Мээн осторожно заговорил, однако на экране почему-то не появлялся:

– Товарищи... Вы хотите выступить?

На экране осталось при этом изображение поднятой руки, и Гею вдруг показалось, что он знает эту вялую большую ладонь.

– Привет вам! Я, товарищи, по поручению... Поэтому я без всякой записки...

Казалось, что голос исходит прямо из Руки.

Знакомый голос!

– Пожалуйста, пожалуйста! – залебезил Мээн, так и не появившись на экране.

– Я должен высказать вам, товарищи, гигантскую мысль... Мы не должны, товарищи, проходить мимо высказывания этого социолога, Гея этого самого, который выдает себя за ученого! Я имею в виду его высказывания относительно тварей... это же библейские высказывания, а значит, не наши! И вообще все, что он говорит и делает...

– Это диалектика жизни! – перебил его Гей. – То есть действие жизни!.. Исправьте систему! – загорячился Гей, обращаясь непонятно к кому. – Разве никто не видит и не слышит, что телекинез этот самый барахлит?!

И тут голос, исходивший из Руки, жестко возразил:

– Никаких нарушений нет! Система работает отлично! Сони-сони. Я и сам хочу установить такую же на своем Комбинате...

Гей растерянно глянул на Алину и заметил наконец, что пальцами правой руки она манипулирует кнопками на каком-то приборе, стоявшем возле рычага ручного тормоза. Он уже знал, что руль машины она почти всегда держала только левой рукой. Значит, это все подстроила Алина. Запись на видеокассете...

– Ты?! – воскликнул он.

Она только улыбнулась, глядя на дорогу перед машиной.

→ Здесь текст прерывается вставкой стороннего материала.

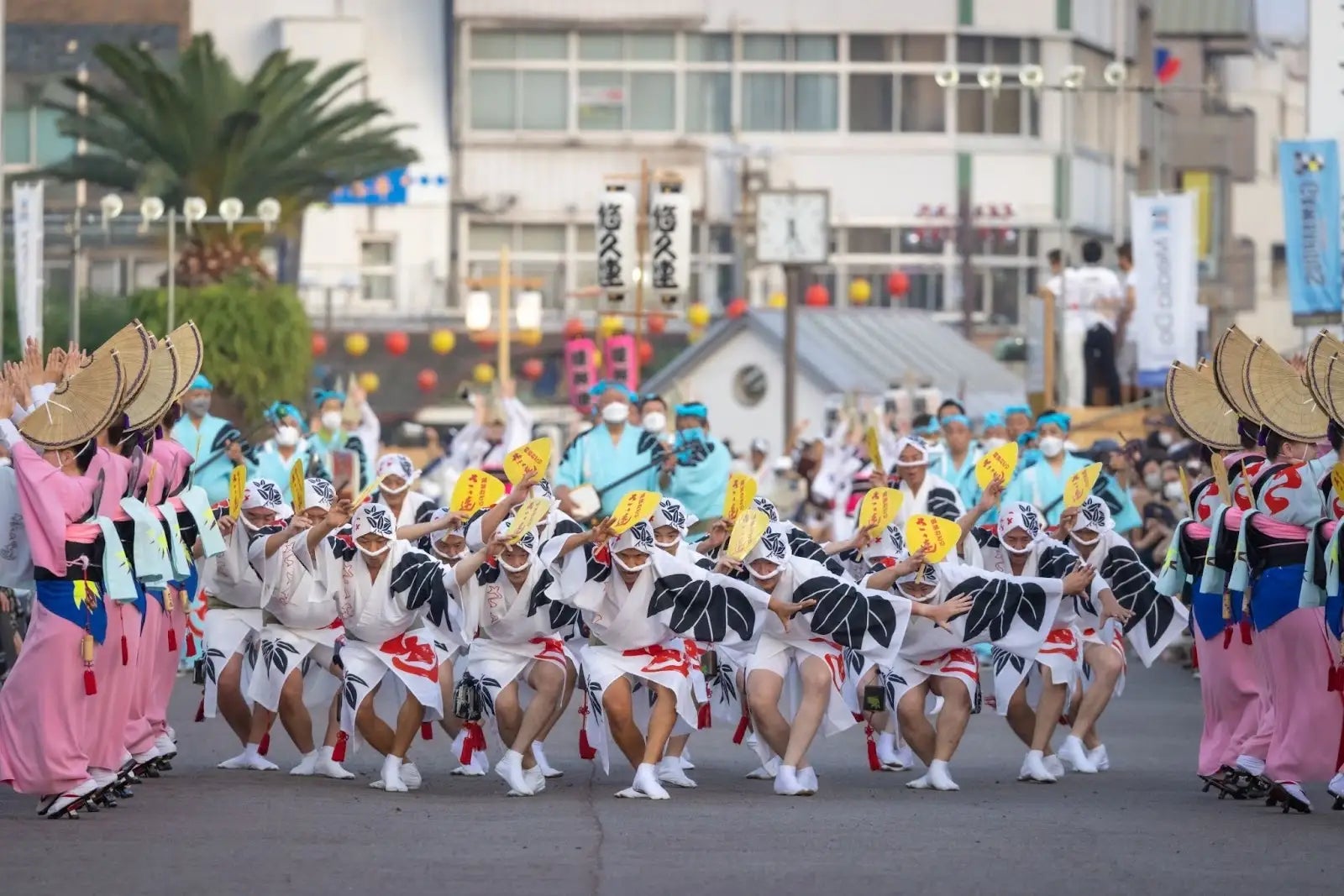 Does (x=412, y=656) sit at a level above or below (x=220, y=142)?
below

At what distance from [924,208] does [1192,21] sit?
379 inches

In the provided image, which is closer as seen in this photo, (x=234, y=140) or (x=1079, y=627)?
(x=1079, y=627)

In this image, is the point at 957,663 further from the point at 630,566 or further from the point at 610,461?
the point at 610,461

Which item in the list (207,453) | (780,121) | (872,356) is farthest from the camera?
(780,121)

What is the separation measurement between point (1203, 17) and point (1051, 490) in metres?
51.8

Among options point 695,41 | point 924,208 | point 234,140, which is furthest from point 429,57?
point 234,140

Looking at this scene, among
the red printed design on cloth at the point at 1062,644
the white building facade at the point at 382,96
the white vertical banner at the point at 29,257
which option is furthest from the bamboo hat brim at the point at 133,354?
the white building facade at the point at 382,96

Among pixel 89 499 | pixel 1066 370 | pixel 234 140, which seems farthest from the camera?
pixel 234 140

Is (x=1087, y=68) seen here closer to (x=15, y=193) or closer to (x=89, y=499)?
(x=15, y=193)

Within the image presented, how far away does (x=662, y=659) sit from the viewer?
43.8 feet

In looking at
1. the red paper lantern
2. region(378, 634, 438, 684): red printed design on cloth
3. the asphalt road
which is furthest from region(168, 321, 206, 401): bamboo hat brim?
the red paper lantern

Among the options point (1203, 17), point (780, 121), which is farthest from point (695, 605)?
point (1203, 17)

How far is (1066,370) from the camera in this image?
34.8 meters

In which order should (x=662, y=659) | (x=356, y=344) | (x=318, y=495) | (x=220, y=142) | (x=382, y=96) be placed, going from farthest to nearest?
(x=382, y=96), (x=356, y=344), (x=220, y=142), (x=318, y=495), (x=662, y=659) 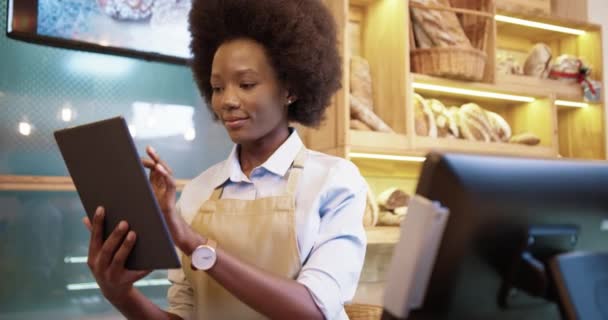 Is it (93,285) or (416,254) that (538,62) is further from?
(416,254)

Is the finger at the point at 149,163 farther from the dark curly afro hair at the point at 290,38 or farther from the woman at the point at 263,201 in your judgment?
the dark curly afro hair at the point at 290,38

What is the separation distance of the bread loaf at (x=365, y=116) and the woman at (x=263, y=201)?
2.78 feet

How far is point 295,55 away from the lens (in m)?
1.39

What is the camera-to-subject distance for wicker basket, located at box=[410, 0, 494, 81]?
8.18ft

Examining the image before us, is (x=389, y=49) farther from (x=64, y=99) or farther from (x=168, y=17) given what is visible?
(x=64, y=99)

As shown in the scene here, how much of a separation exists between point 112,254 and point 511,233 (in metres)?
0.69

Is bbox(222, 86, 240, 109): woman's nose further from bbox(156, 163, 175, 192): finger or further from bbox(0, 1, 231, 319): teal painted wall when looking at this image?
bbox(0, 1, 231, 319): teal painted wall

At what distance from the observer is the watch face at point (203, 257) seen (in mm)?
1057

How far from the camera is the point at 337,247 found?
A: 1220mm

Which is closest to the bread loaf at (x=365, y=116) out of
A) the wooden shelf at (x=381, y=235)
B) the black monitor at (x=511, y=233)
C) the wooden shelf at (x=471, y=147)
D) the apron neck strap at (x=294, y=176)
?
the wooden shelf at (x=471, y=147)

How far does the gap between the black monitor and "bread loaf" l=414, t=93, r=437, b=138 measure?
71.9 inches

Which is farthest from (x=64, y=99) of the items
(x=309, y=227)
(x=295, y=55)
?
(x=309, y=227)

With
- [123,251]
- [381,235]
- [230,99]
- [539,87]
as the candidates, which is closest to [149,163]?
[123,251]

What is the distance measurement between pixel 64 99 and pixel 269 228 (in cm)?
117
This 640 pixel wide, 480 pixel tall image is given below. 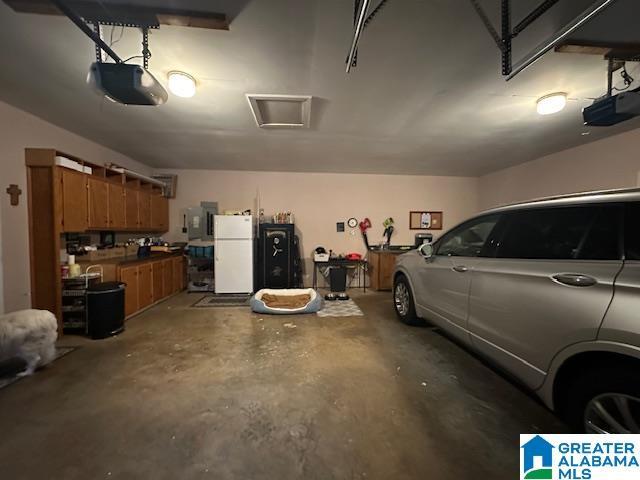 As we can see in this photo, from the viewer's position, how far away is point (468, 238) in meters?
2.53

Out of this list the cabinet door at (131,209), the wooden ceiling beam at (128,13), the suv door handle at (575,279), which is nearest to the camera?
the suv door handle at (575,279)

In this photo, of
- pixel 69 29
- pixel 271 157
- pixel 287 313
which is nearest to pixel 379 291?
pixel 287 313

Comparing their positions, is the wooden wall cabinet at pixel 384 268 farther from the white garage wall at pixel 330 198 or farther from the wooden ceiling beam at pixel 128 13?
the wooden ceiling beam at pixel 128 13

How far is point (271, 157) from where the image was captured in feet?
14.8

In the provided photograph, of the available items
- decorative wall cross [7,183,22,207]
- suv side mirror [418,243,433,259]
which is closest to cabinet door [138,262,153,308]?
decorative wall cross [7,183,22,207]

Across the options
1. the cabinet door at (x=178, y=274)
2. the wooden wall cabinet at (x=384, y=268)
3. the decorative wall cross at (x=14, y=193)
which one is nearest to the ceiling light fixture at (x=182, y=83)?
the decorative wall cross at (x=14, y=193)

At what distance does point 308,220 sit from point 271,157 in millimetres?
1740

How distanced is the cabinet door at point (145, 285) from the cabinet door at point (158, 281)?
0.32 feet

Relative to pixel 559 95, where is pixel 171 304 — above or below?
below

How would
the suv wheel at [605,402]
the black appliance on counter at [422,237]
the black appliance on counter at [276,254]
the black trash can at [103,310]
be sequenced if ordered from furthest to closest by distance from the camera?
the black appliance on counter at [422,237], the black appliance on counter at [276,254], the black trash can at [103,310], the suv wheel at [605,402]

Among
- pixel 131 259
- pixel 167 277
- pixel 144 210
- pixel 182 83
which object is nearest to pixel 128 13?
pixel 182 83

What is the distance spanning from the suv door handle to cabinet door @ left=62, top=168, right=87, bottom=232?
4.69m

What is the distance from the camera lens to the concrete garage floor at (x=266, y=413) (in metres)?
1.33

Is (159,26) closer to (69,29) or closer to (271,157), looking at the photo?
(69,29) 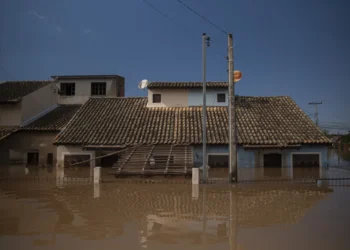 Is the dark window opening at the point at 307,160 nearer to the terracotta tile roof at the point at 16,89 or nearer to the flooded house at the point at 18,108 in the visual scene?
the flooded house at the point at 18,108

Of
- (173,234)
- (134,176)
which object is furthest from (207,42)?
(173,234)

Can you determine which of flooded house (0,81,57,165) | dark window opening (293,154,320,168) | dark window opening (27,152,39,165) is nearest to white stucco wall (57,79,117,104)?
flooded house (0,81,57,165)

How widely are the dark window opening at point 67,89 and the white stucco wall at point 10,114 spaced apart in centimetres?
545

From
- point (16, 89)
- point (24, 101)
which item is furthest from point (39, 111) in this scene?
point (16, 89)

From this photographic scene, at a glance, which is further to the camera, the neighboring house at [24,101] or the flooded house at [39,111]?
the neighboring house at [24,101]

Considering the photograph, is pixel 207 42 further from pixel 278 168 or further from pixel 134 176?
pixel 278 168

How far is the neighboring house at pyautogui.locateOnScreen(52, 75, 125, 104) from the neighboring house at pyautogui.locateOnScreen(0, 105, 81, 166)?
5.41 metres

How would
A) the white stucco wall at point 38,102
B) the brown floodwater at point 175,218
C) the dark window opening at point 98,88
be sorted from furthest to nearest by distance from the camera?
the dark window opening at point 98,88
the white stucco wall at point 38,102
the brown floodwater at point 175,218

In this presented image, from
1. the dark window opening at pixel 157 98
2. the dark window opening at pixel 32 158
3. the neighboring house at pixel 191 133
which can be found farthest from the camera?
the dark window opening at pixel 157 98

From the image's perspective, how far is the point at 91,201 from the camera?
8781 millimetres

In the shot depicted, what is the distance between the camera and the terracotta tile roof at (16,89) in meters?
21.8

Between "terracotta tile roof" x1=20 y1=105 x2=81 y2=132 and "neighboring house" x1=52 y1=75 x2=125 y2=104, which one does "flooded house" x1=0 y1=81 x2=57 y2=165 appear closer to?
"terracotta tile roof" x1=20 y1=105 x2=81 y2=132

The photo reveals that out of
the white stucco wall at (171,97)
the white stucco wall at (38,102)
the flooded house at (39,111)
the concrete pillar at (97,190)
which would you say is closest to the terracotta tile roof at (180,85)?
the white stucco wall at (171,97)

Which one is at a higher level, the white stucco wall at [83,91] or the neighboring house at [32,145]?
the white stucco wall at [83,91] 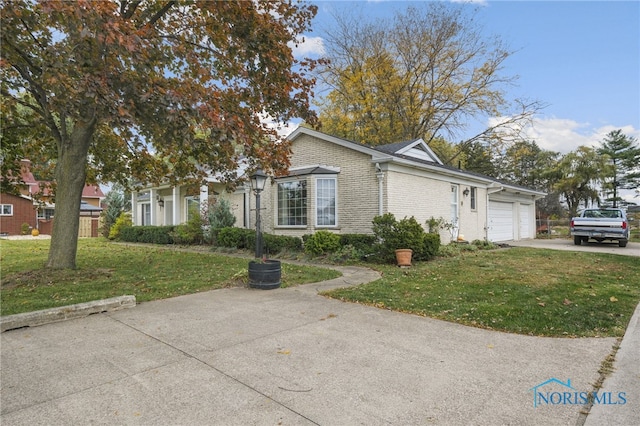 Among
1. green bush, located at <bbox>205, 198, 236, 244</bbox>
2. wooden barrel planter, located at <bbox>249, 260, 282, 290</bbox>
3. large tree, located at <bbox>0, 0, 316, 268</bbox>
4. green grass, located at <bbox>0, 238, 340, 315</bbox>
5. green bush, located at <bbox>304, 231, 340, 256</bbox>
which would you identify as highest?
large tree, located at <bbox>0, 0, 316, 268</bbox>

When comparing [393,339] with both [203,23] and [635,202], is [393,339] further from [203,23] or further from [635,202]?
[635,202]

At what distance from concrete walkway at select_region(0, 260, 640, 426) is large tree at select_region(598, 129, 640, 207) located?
147ft

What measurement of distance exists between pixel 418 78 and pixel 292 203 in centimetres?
1538

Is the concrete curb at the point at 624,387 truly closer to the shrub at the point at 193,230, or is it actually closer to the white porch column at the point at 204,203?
the shrub at the point at 193,230

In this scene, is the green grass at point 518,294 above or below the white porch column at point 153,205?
below

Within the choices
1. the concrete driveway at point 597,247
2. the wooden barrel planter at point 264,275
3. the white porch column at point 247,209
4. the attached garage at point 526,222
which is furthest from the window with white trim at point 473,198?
the wooden barrel planter at point 264,275

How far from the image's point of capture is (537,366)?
3385mm

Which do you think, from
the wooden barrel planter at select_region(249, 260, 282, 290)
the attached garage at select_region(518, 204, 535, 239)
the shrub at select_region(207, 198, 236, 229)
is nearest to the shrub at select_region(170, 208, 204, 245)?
the shrub at select_region(207, 198, 236, 229)

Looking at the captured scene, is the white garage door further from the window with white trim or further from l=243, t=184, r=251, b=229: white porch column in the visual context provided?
l=243, t=184, r=251, b=229: white porch column

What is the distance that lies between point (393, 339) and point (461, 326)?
1091mm

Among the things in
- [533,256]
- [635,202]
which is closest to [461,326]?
[533,256]

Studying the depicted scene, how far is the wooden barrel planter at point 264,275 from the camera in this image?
6992mm

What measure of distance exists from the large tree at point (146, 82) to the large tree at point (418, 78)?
14169mm

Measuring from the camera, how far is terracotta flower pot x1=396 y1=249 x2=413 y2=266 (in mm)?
9773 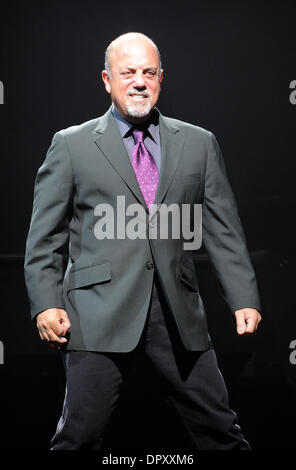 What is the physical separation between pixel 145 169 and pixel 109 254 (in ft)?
0.85

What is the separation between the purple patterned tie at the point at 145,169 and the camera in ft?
6.45

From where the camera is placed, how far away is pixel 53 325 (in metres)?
1.88

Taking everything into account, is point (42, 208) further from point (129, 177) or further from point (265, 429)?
point (265, 429)

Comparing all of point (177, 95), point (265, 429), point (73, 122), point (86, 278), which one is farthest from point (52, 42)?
point (265, 429)

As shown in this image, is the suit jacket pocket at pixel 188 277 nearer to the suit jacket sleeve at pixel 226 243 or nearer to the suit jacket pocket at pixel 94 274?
the suit jacket sleeve at pixel 226 243

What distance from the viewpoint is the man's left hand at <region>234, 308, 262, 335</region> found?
6.43 feet

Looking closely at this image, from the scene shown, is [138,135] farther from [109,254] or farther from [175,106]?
[175,106]

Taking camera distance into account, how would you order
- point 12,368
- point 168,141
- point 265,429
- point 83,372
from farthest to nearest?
point 12,368
point 265,429
point 168,141
point 83,372

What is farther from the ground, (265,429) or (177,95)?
(177,95)

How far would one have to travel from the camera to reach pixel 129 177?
1938 millimetres

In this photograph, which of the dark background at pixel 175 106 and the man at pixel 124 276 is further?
the dark background at pixel 175 106

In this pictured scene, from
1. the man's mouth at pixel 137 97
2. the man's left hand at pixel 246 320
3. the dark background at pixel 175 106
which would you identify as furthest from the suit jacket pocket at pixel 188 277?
the dark background at pixel 175 106

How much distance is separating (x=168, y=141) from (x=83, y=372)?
68 cm

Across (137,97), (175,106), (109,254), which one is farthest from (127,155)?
(175,106) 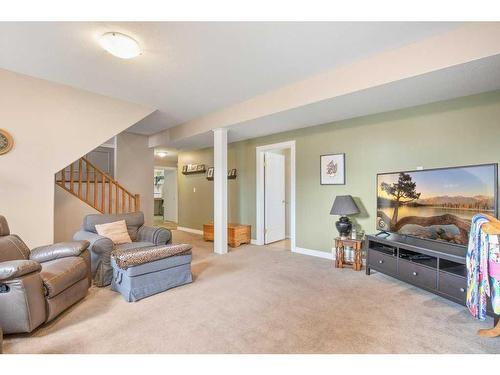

Это восклицание Гея, похоже, больше никто не слышал. А на экране по-прежнему было изображение Руки.

– У вас все? – вежливо спросил Мээн, обращаясь, как видно, к Руке.

– Да, у меня все.

– Спасибо! – с чувством сказал Мээн. – Спасибо вам, Борис Николаевич, за глубоко содержательное и глубоко научное выступление!..

Алина не выдержала – нажала кнопку, изображение Руки тотчас пропало.

– Слушай, Тихомиров... – сказал Мээн не своим голосом, и на экране возникло изображение его лица, донельзя растерянного. – Что это было?

– Летающая тарелка... – Гей улыбнулся.

– Да, но я лично проверял перед посадкой! – Мээн был в смятении.

– А может быть, – Гей хитро смотрел на экран, – и этот Борис Николаевич, как вы только что назвали Руку, тоже попал сюда не от нас? Например, из Гонконга.

– Не нашего ума дело... – деликатно сказал Мээн. – Ты лучше вот о чем подумай... – Мээн усмехнулся. – У меня для тебя новость. Твоя благоверная в Татры направляется.

– Алина?!

– Да, но не из тех Алин, которые в Старом Смоковце были. Настоящая. То есть твоя жена.

– This is impossible! – выпалил Гей в испуге.

– Увы, сэр, это вполне возможно, – как бы горестно вздохнул Мээн.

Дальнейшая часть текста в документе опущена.